Now, to be fair, the two streams arent completely independent. The behavioral stream will typically require two things from the profile stream; both of which can be considered “reference” data.
For example, the “subscriber” dimension table may be required in the Big Data world so that it can be joined to the “web clicks” table in order to aggregate web clicks by subscriber gender, which only exists in the subscriber table.
Master ID-to-Natural Key Cross-References
Master IDs are created and managed in the CDM-MDM world, but they are often needed for linkage and aggregation in the Big Data world. Shadowing cross-references that map master ids, such as master individual id, to “source natural keys” (more later) into the Big Data world solves this problem.
So the two classifications of data are separated into two streams and processed (mostly) independently. How do they come back together? One assumption behind this architecture is that both streams, profile and behavioral, contain a “source natural key.” This is a unique identifier that relates the two streams. For example, web clickstream data typically has an IP address or an web application-managed, cookie-based “visitor ID.” Transactional data typically has some sort of account number. Mobile data will have a phone number or device ID. These identifiers don’t have to mean anything, per se, but are critical for stitching the two streams back together.

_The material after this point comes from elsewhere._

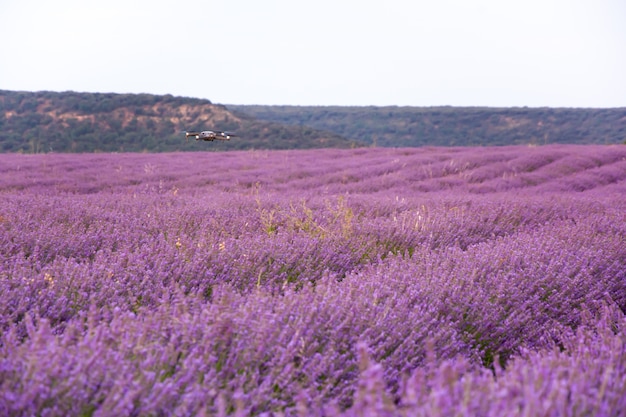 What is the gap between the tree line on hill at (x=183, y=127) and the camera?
27.4 meters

Remember from the previous post that its not just the dimensionsalized, aggregated data that is reunited with the profile data, but also high-value, behavioral analytics attributes (predictive scores, micro-segmentations, etc.) created courtesy of Big Analytics. The profile data is now greatly enriched by the output of the Big Data processing stream. And, if we really want to get crazy, we can consider using these enriched behavioral analytics profile attributes as part of the next cycle of matching; similar, complex behavior patterns can help tip the scales, causing two entities to match that might not otherwise have matched. Pretty cool.
So CDM-MDM and Big Data can live together, in harmony. Big Data doesn’t replace CDM-MDM but rather extends it. Quite nicely, in fact.